I was not taken seriously in some of these views specifically, probably because I was second in command and not the first, you know, never mind that they were taking the men seriously who had positions well below me.
I was arguing for things that they didn't want to do.
And so they they could dismiss me and go elsewhere for it, for their views.
I was carrying out the desires of the administration because NASA is part of the administration, but the head of NASA was not really on board with this change.
He's an astronaut himself and much more wedded to the status quo and so for a lot of reasons, I was easier to dismiss.
But as a woman, I was, of course, treated with some very specific negativity, with people's language and so forth, called many names, asked if, you know, I'm on my period or going through menopause.

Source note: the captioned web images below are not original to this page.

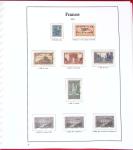 1849-2009, Collection de FRANCE en 11 albums Y & T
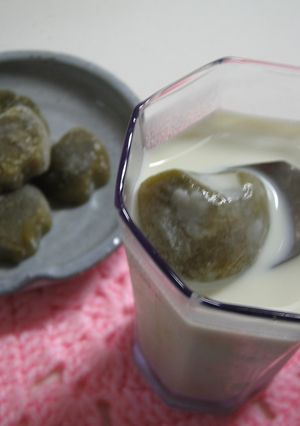 氷☆お抹茶(○´艸｀)♪-レシピのメイン写真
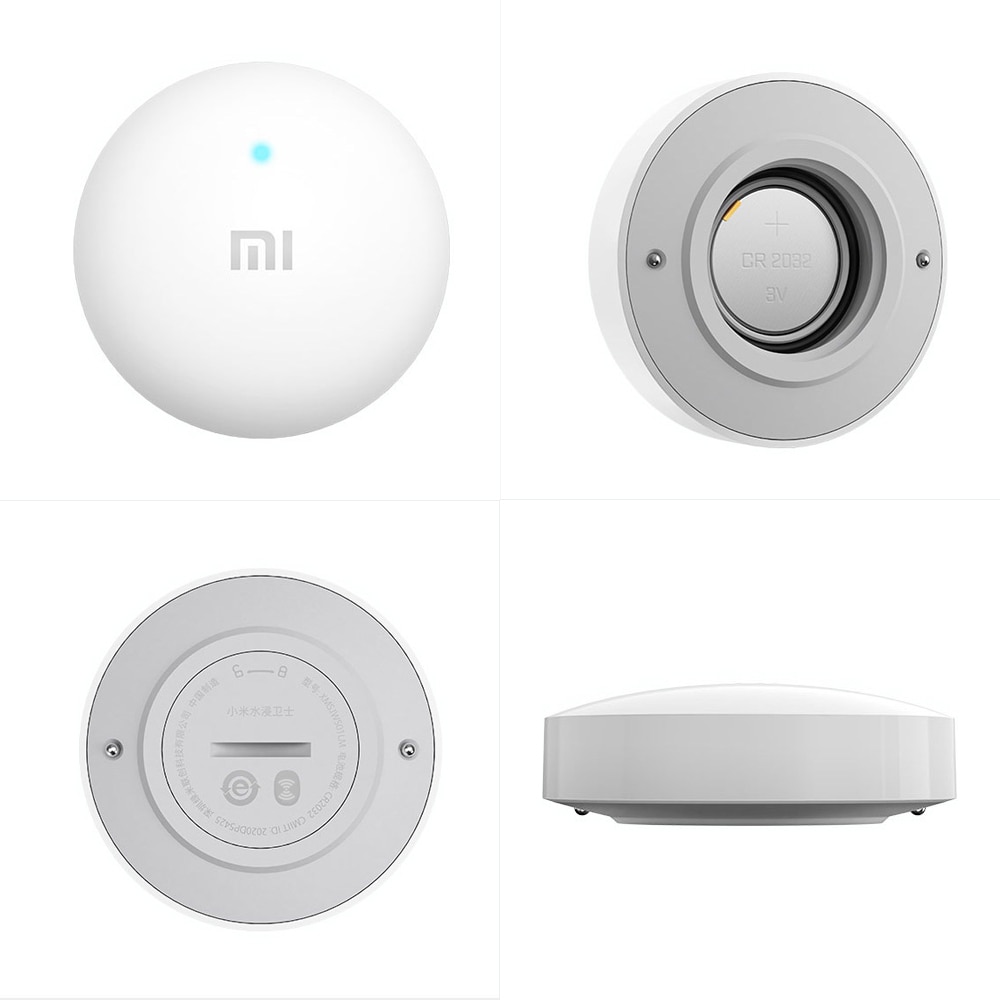 Original Xiaomi Water Immersing Sensor Smart Wireless Water Leak Detector IP67 Waterproof Works With Mi Home APP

Those those things that you would hope to not happen anymore today.
Oh, my gosh.
I couldn't even imagine that at at this point.
Did other women who worked at NASA have similar experiences as you Yes Or was it that you were high up and you had ideas and you wanted to do something?
Yes, of course.
There is a great team of people there who want to change who were not part of this behavior at all.
And a great and growing cadre of senior women, many of whom, you know, it really depends on your background sometimes how you experience these organizations.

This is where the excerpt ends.